China National Nuclear Corp. Capital Holding Co. Ltd., a unit of state-owned China National Nuclear Corp., recently received underwriter bids for its sale of 4 billion yuan ($619 million) of bonds for an underwriting fee as low as 0.007%. At that rate, each underwriter would earn about 100,000 yuan on the deal, barely enough to cover costs.

Eventually the issuer didn’t pick the brokerages offering the lowest fee, but the average rate charged by the three winners was just 0.03%, meaning three brokerages would share a fee of 1.2 million yuan.

Brokerages are eager to handle large state-owned enterprises’ bond offerings for ultralow fees, hoping to build relationships with deep-pocket clients for future deals and generate revenue from related business. In the U.S., underwriting fees average about 0.7% on investment-grade corporate bonds, meaning that for a $1 billion issue, borrowers would pay underwriters about $7 million. Underwriting fees in China are generally lower, but a normal rate for large state-owned issuers should be at least 0.1%, according to an investment banker.

The aggressive price war attracted regulators’ attention. The Securities Association of China, a self-regulatory organization, started soliciting public comments Dec. 25 on a new set of rules governing corporate bond underwriting practices, requiring brokerages to establish an internal pricing constraint system.

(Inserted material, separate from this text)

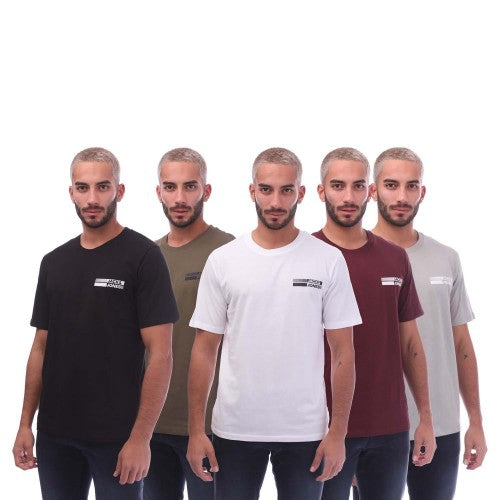 Front - Jack And Jones Mens Speed T-Shirt (Pack of 5)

In a 10 billion yuan bond sale by state-owned China Railway Construction Investment Corp., seven brokerages competed for four underwriter spots. Three of them offered an underwriting fee as low as 0.01%, and the highest rate was 0.03%, according to people familiar with the bidding.

China Railway announced winning brokerages Wednesday, and Guotai Junan Securities Co. Ltd., which offered a 0.03% underwriter fee, was not among them.

In July, after the winning bid for underwriting a 2 .1 billion yuan bond sale by another subsidiary of China National Nuclear was as low as 0.01%, the Securities Association of China initiated a self-discipline investigation (link in Chinese) of the eight brokerages that participated in the bidding.

The association warned of “self-disciplinary measures” if the brokerages — including Guotai Junan Securities, Haitong Securities, China International Capital Corp. and Citic Securities — are found to have violated rules in pitching for the underwriting business.

In April, a winning bid for underwriting Xiamen Special Economic Zone Real Estate Development Group Co. Ltd.’s 100 million yuan bond sale was 0.00001%, meaning the two underwriters shared a 10 yuan fee (link in Chinese) from the deal.

Later that month, the National Association of Financial Market Institutional Investors (NAFMII), a self-regulatory bond market regulator in China, called a meeting with 90 brokerages, which signed a self-disciplinary agreement banning brokerages from charging underwriting fees below cost.

The Securities Association of China has also got 27 brokerages to sign a similar self-disciplinary agreement in November 2019. But industry insiders said these self-disciplinary pacts are only gentlemen’s agreements, not mandatory regulation as they lack binding force and effective implementation.

Contact reporter Denise Jia (huijuanjia@caixin.com) and editor Bob Simison (bobsimison@caixin.com).

Download our app to receive breaking news alerts and read the news on the go.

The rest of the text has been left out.